[Opening Given data section]

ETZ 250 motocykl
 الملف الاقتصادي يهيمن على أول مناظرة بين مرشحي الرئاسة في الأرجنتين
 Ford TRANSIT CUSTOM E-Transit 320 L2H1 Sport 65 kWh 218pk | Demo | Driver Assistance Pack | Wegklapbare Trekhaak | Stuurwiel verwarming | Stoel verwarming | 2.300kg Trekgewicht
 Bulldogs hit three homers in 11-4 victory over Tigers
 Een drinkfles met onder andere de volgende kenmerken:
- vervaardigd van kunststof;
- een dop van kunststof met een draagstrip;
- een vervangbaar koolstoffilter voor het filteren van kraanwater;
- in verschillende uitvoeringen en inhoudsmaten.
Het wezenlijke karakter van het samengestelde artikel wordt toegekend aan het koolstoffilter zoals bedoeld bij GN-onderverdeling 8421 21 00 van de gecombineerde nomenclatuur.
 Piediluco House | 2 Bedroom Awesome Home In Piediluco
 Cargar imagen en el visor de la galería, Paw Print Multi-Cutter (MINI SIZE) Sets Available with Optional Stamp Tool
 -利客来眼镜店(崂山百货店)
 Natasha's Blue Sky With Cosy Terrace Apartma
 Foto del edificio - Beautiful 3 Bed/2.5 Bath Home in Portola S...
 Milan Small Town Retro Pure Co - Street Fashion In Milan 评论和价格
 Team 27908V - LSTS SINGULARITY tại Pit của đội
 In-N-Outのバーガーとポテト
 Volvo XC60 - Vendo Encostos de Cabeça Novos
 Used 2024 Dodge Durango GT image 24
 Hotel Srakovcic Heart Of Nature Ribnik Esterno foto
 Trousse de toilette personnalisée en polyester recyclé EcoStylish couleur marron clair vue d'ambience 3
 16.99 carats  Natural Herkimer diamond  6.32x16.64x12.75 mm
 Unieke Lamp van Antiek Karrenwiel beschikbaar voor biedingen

[Closing Given data section]

The whole of the data must be given back word for word.

§ Reply:
ETZ 250 motocykl
 الملف الاقتصادي يهيمن على أول مناظرة بين مرشحي الرئاسة في الأرجنتين
 Ford TRANSIT CUSTOM E-Transit 320 L2H1 Sport 65 kWh 218pk | Demo | Driver Assistance Pack | Wegklapbare Trekhaak | Stuurwiel verwarming | Stoel verwarming | 2.300kg Trekgewicht
 Bulldogs hit three homers in 11-4 victory over Tigers
 Een drinkfles met onder andere de volgende kenmerken:
- vervaardigd van kunststof;
- een dop van kunststof met een draagstrip;
- een vervangbaar koolstoffilter voor het filteren van kraanwater;
- in verschillende uitvoeringen en inhoudsmaten.
Het wezenlijke karakter van het samengestelde artikel wordt toegekend aan het koolstoffilter zoals bedoeld bij GN-onderverdeling 8421 21 00 van de gecombineerde nomenclatuur.
 Piediluco House | 2 Bedroom Awesome Home In Piediluco
 Cargar imagen en el visor de la galería, Paw Print Multi-Cutter (MINI SIZE) Sets Available with Optional Stamp Tool
 -利客来眼镜店(崂山百货店)
 Natasha's Blue Sky With Cosy Terrace Apartma
 Foto del edificio - Beautiful 3 Bed/2.5 Bath Home in Portola S...
 Milan Small Town Retro Pure Co - Street Fashion In Milan 评论和价格
 Team 27908V - LSTS SINGULARITY tại Pit của đội
 In-N-Outのバーガーとポテト
 Volvo XC60 - Vendo Encostos de Cabeça Novos
 Used 2024 Dodge Durango GT image 24
 Hotel Srakovcic Heart Of Nature Ribnik Esterno foto
 Trousse de toilette personnalisée en polyester recyclé EcoStylish couleur marron clair vue d'ambience 3
 16.99 carats  Natural Herkimer diamond  6.32x16.64x12.75 mm
 Unieke Lamp van Antiek Karrenwiel beschikbaar voor biedingen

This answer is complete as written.